**Required work:**
Output nothing except the lines from the one containing "Trauer um den" through the final line of the data, both included, typed exactly, minus the pictures.

=-=-=-=-=

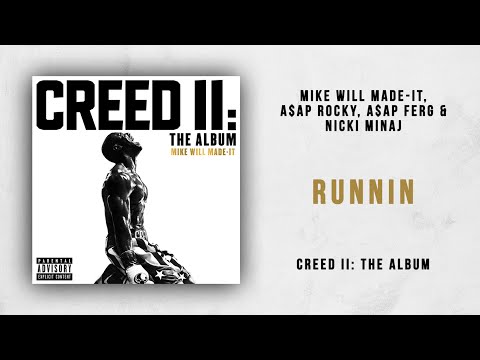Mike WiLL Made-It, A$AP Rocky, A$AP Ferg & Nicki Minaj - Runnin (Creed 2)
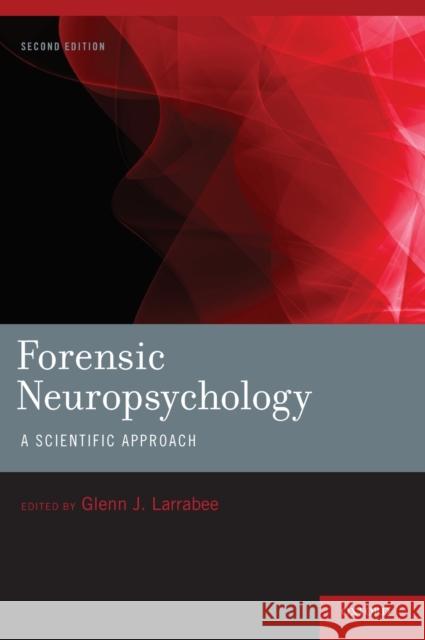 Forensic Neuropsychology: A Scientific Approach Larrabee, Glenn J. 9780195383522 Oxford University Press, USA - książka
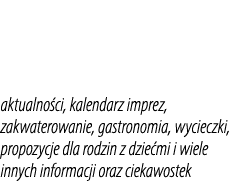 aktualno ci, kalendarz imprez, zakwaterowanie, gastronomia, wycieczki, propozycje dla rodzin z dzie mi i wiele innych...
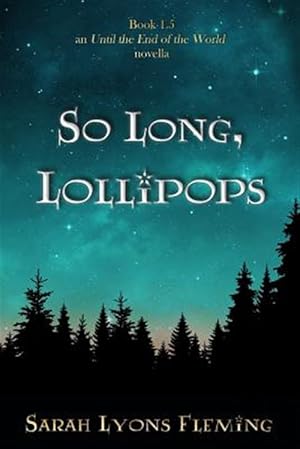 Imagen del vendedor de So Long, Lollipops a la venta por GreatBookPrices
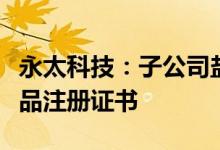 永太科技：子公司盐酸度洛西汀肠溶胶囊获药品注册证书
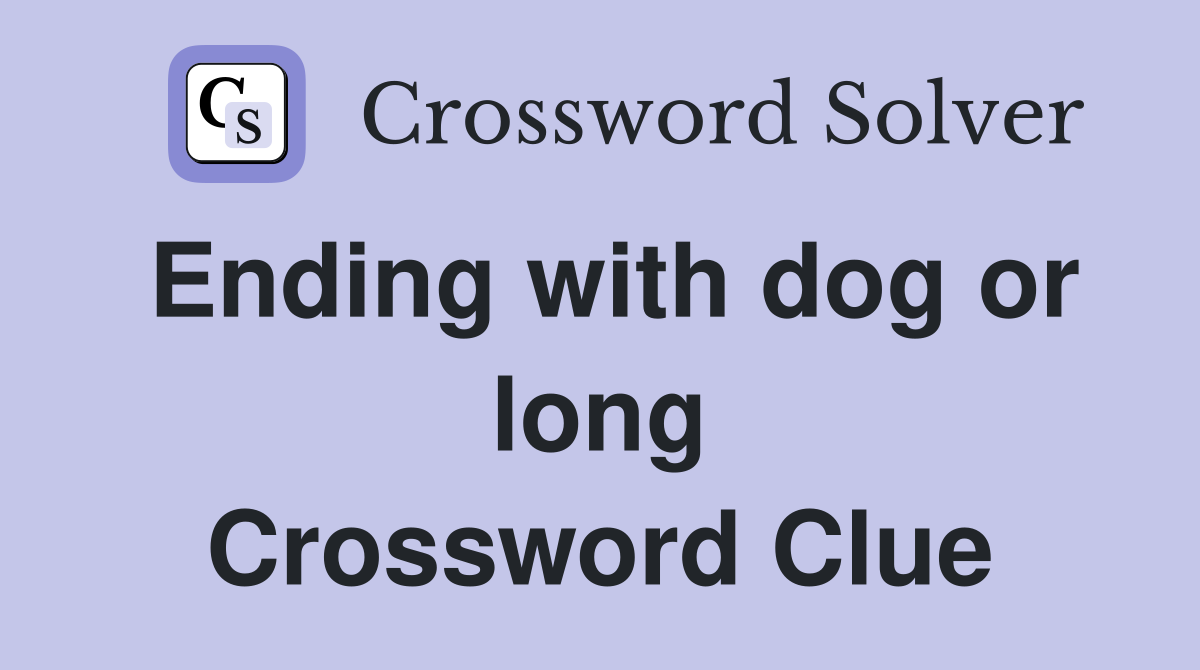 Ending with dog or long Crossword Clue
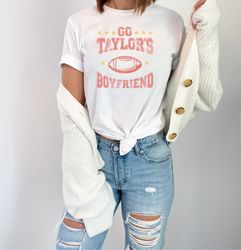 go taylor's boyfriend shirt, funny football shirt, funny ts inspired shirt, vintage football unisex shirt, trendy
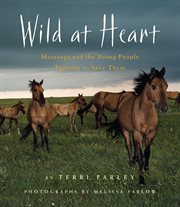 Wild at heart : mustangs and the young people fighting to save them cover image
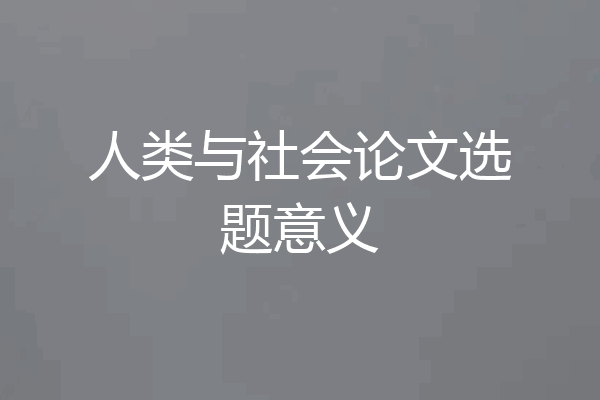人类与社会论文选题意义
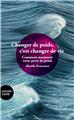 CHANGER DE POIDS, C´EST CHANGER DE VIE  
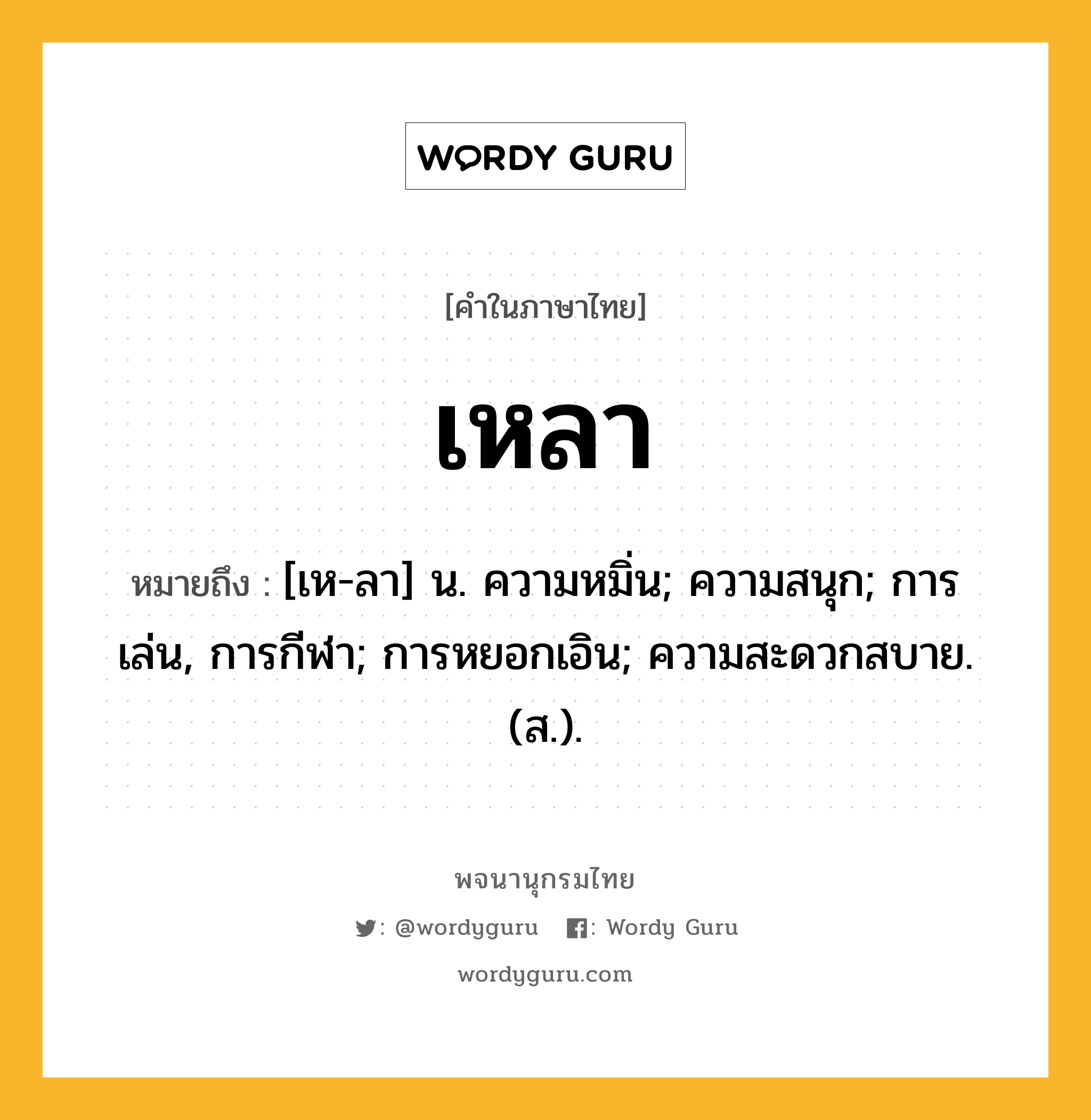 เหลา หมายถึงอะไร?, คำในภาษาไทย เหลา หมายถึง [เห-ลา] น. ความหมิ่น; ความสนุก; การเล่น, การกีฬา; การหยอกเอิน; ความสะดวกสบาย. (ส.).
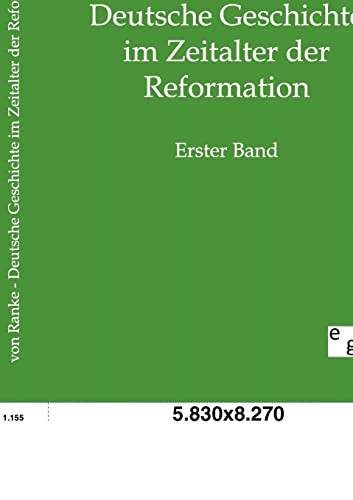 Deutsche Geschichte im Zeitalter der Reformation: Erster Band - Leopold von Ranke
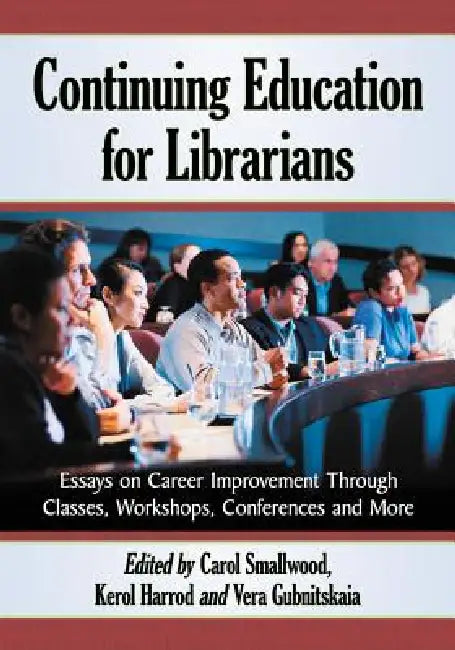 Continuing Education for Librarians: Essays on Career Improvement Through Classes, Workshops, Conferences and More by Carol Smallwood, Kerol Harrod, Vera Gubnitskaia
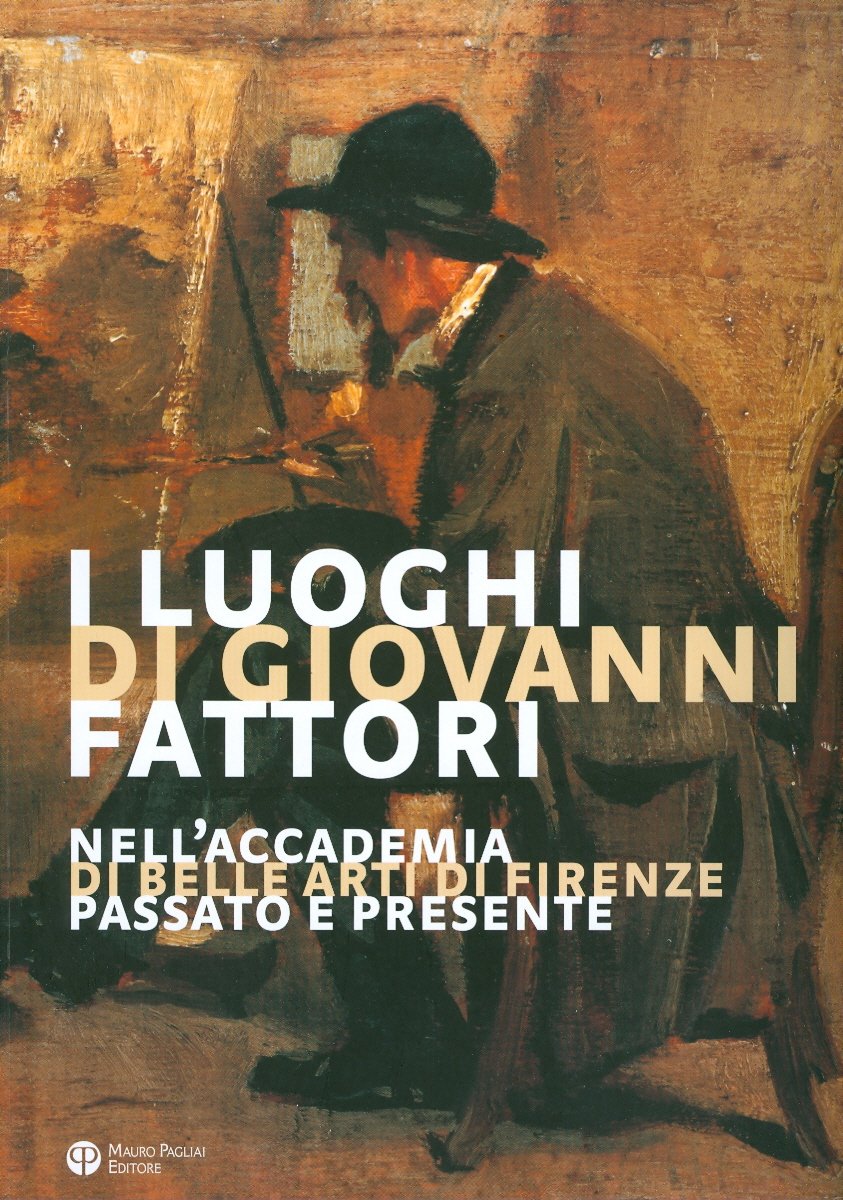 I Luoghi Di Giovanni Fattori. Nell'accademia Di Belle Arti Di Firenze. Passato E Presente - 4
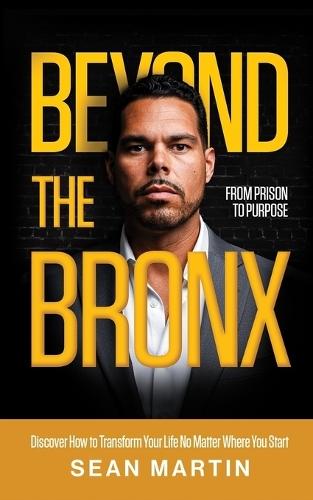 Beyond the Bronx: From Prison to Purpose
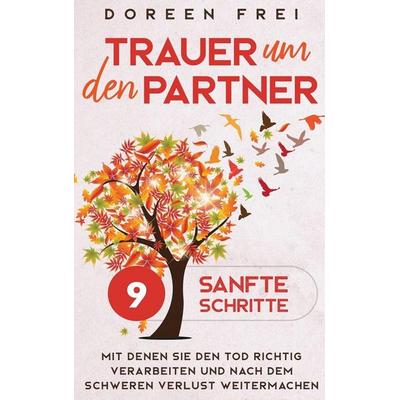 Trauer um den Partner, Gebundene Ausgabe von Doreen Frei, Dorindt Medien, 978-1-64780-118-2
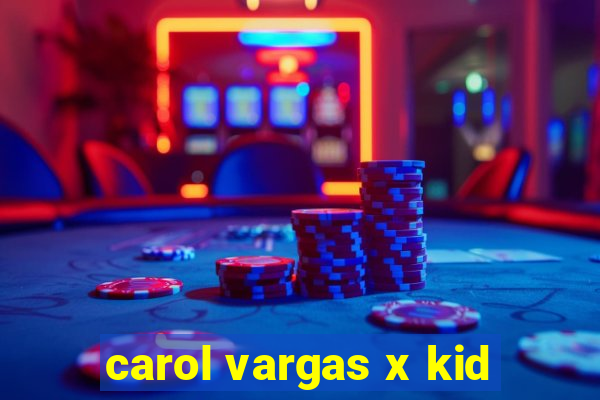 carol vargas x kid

=-=-=-=-=

**Solution to the problem:**
 Trauer um den Partner, Gebundene Ausgabe von Doreen Frei, Dorindt Medien, 978-1-64780-118-2
 carol vargas x kid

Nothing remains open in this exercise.